Os anúncios de recall no Brasil ganharam espaço nas páginas do jornais ao longo dos últimos anos. Não tinha como ser diferente. Uma estimativa do Departamento de Proteção e Defesa do Consumidor (DPDC) revela que o mesmo número de chamados para reparo ou substituição de peças e produtos vendidos no Brasil, em um mês, equivale ao que é feito em um ano pelos Estados Unidos ou pela Austrália. Somente de janeiro a junho, foram mais de 33 no país, entre lotes de carros, motos, secadores de cabelo e carrinhos de bebê. A quantidade ultrapassa 1,7 milhão de artigos.

José Geraldo Tardin, presidente do Instituto Brasileiro de Estudo e Defesa das Relações de Consumo (Ibedec), identifica uma relação entre o aumento do público consumidor — ascensão da classe C — e a queda na qualidade dos produtos. “Estão tentando atender a nova demanda, intensificando a produção sem aumentar, nas mesmas proporções, a preocupação com a qualidade.
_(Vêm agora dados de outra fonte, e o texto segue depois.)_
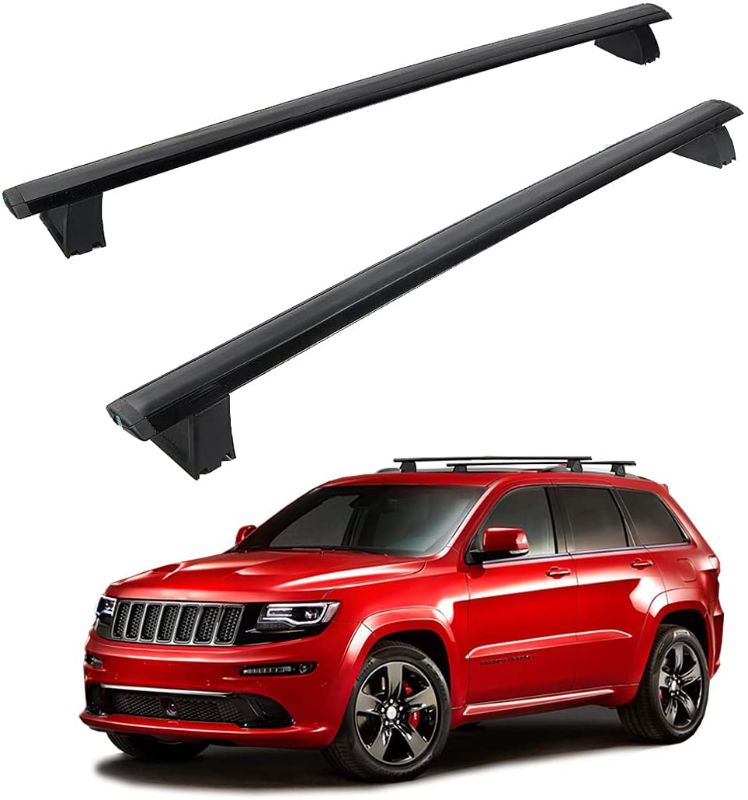 Photo 1 of Roof Rack Cross Bars for Jeep Grand Cherokee 2011-2021 Aluminum CrossBars Replacement for Rooftop Cargo Carrier Bag Luggage Kayak Canoe Bike Snowboard Skiboard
Basta ver a enxurrada de produtos chineses que chegam até aqui, e todo mundo sabe que são mais baratos e piores. Hoje, existe recall de tudo”, critica.
Para Tardin, as empresas perderam o cuidado e os consumidores, por sua vez, não costumam levar o problema a sério. “Marcas famosas fazem três chamados por ano. Parece que elas não ligam se estão expondo a vida do consumidor ao risco. Também, se as pessoas estivessem preocupadas com isso, não haveria necessidade de criar uma lei para forçar o comparecimento nas fábricas”, completa. (leia Para saber mais).

Desconfiança
A moto que o bombeiro militar Luciano da Silva Frutuoso, 36 anos, comprou em 2010 está com os dias contados na garagem. Ele faz parte de um grupo de consumidores que teve de levar o veículo para troca de peças, após identificarem um defeito de fabricação. “Disseram que havia risco de acidentes, porque o problema fazia a moto morrer quando ficasse em baixa rotação, ao parar em um semáforo, por exemplo. Coincidentemente, a minha dor de cabeça começou apenas após o reparo”, lembra.
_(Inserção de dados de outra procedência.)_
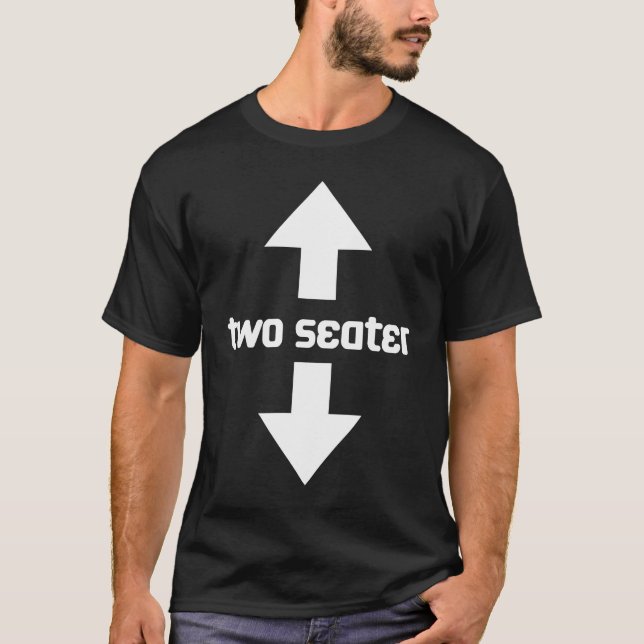 Vater mit zwei Sitzplätzen Joke Meme 3 T-Shirt (Vorderseite)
Além de desconfiar da revisão feita pela primeira vez, quando ele atendeu ao chamado, Luciano precisou voltar cinco vezes à oficina da loja autorizada antes de se ver livre das falhas de funcionamento. “Muitas pessoas me disseram que valia a pena trocar as peças por similares de outras marcas, mas eu insisti”, conta. Depois de resolver a situação, o bombeiro começou a pesquisar outras motos, modelos e marcas para comprar. “Hoje, ela está ótima, mas eu não sinto confiança na marca”, desabafa.
Apesar de o recall aborrecer o consumidor, a diretora do DPDC, Juliana Pereira da Silva, lembra que ele não pode ser visto de forma negativa. “Há uma obrigação jurídica por parte das empresas em prestar essa assistência. Assim que uma falha é encontrada, o pós-venda deve agir e convocar os consumidores para anular aquele risco.” Ela sustenta que o mais importante para uma empresa é o comprometimento com a saúde e segurança dos clientes. “Mesmo porque alertar a população não isenta a fábrica de ser responsabilizada por eventuais danos”, explica.
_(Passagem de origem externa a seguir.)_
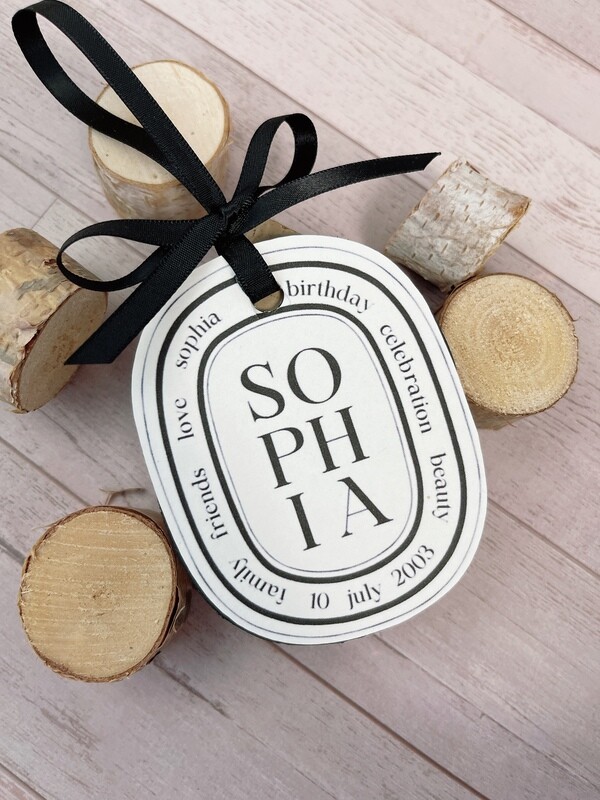 Diptyque Inspired Personalised Ornament / Tag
Reparo em veículos vai para o Renavam
Começou a valer em março uma lei que obriga as montadoras a informarem ao Departamento Nacional de Trânsito (Denatran) todas as campanhas de recall que forem feitas, incluindo a lista com a numeração de chassi das unidades envolvidas. Montadoras e importadoras de veículos têm até 60 dias, após a comunicação da campanha de chamamento, para apresentar um relatório de atendimento, informando quais veículos foram atendidos no período. O Denatran passou a se encarregar pela atualização das informações no sistema de Registro Nacional de Veículos Automotores (Renavam). Caso o recall não seja feito, no prazo de um ano, a omissão constará no Certificado de Registro e Licenciamento de Veículo (CRLV).

Chip com defeito exige troca de passaportes
Há pouco mais de uma semana, a Polícia Federal fez recall de passaportes emitidos com defeito no chip. Cerca de 11,6 mil documentos traziam erros no conteúdo usado para identificação do cidadão brasileiro no momento do desembarque em outro país. Para corrigir a falha, as pessoas foram comunicadas por telefone ou e-mail e tiveram de voltar aos locais de emissão. O problema teve origem na transmissão eletrônica das informações na Casa da Moeda, que não repassou para o componente alguns sinais gráficos. O órgão, responsável pela confecção de cédulas e documentos oficiais vinculado ao Ministério da Fazenda, chegou a produzir mais de 11mil passaportes com falhas.